*** STORED DATA ***
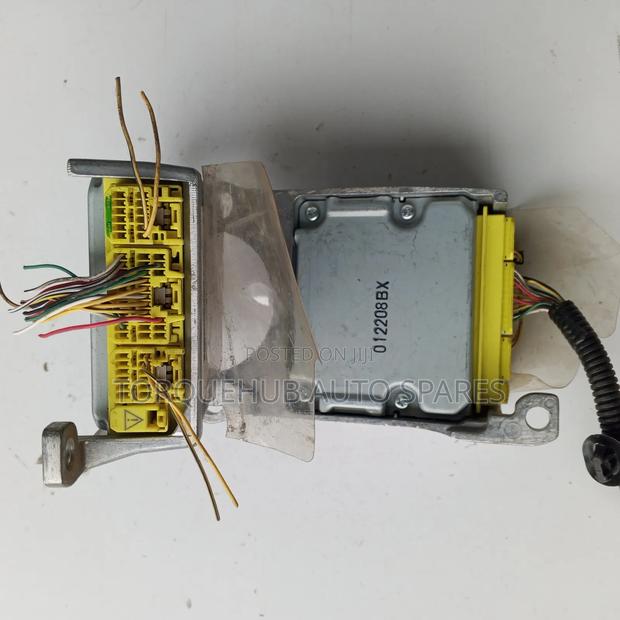 Toyota Isis Airbag Module - thumbnail 2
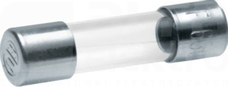 F5020K 0,63A F Bezpiecznik 5x20mm
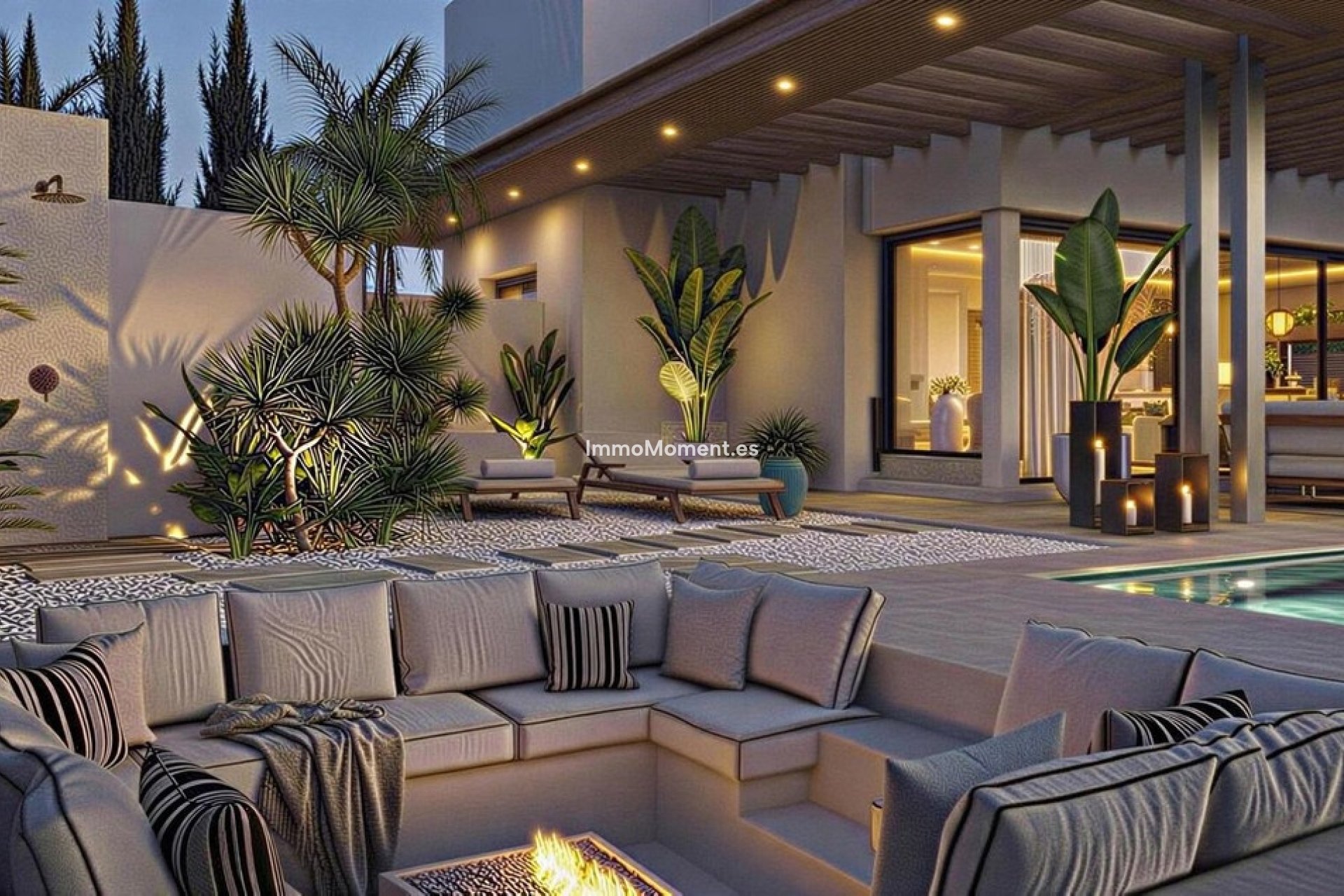 Wiederverkauf - Freistehende Villa - Mijas - La Cala Hills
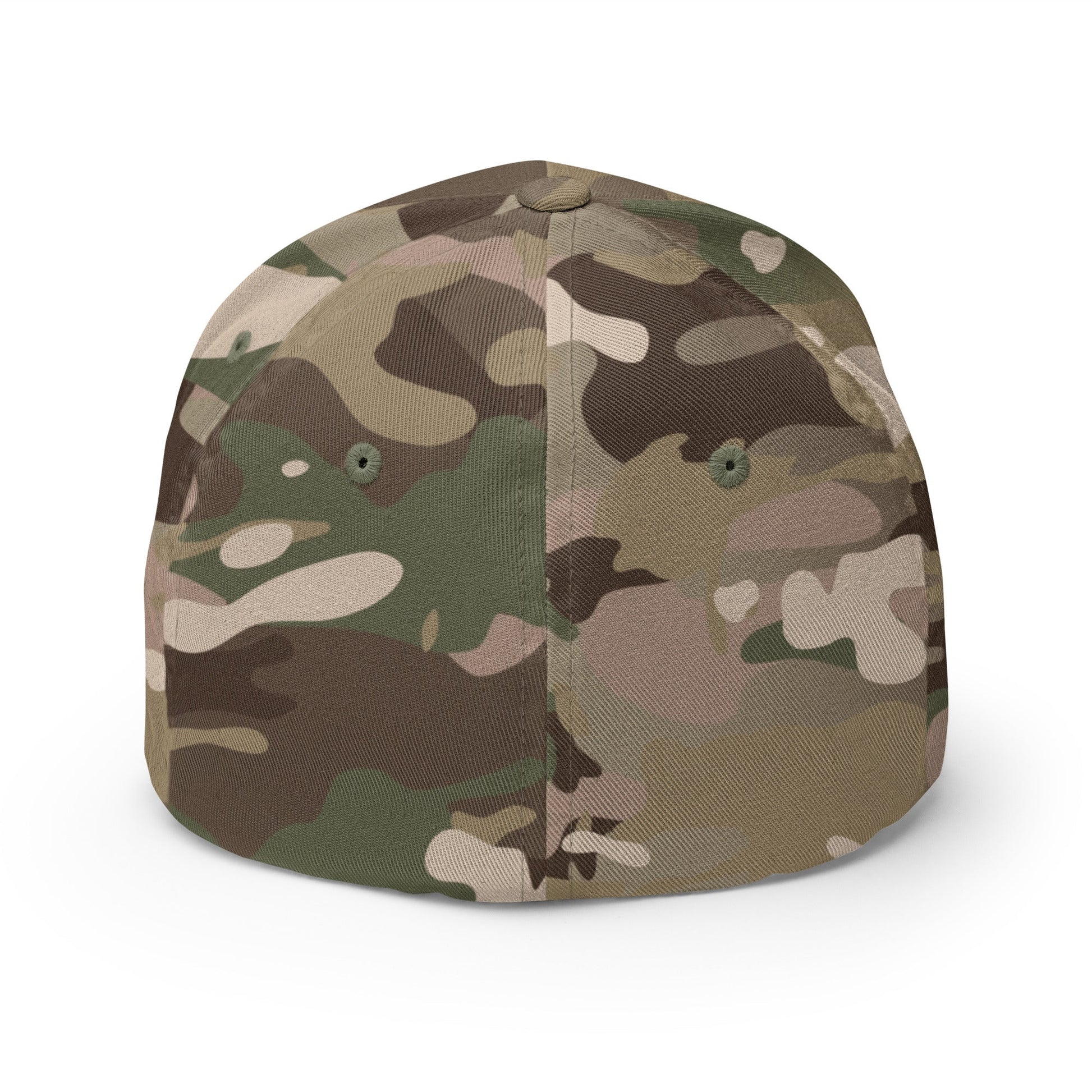 Sobersaurus REX Fitted Cap - Soberlands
*** End of STORED DATA ***
Retype the whole listing word for word. Skip the pictures.

 Toyota Isis Airbag Module - thumbnail 2
 F5020K 0,63A F Bezpiecznik 5x20mm
 Wiederverkauf - Freistehende Villa - Mijas - La Cala Hills
 Sobersaurus REX Fitted Cap - Soberlands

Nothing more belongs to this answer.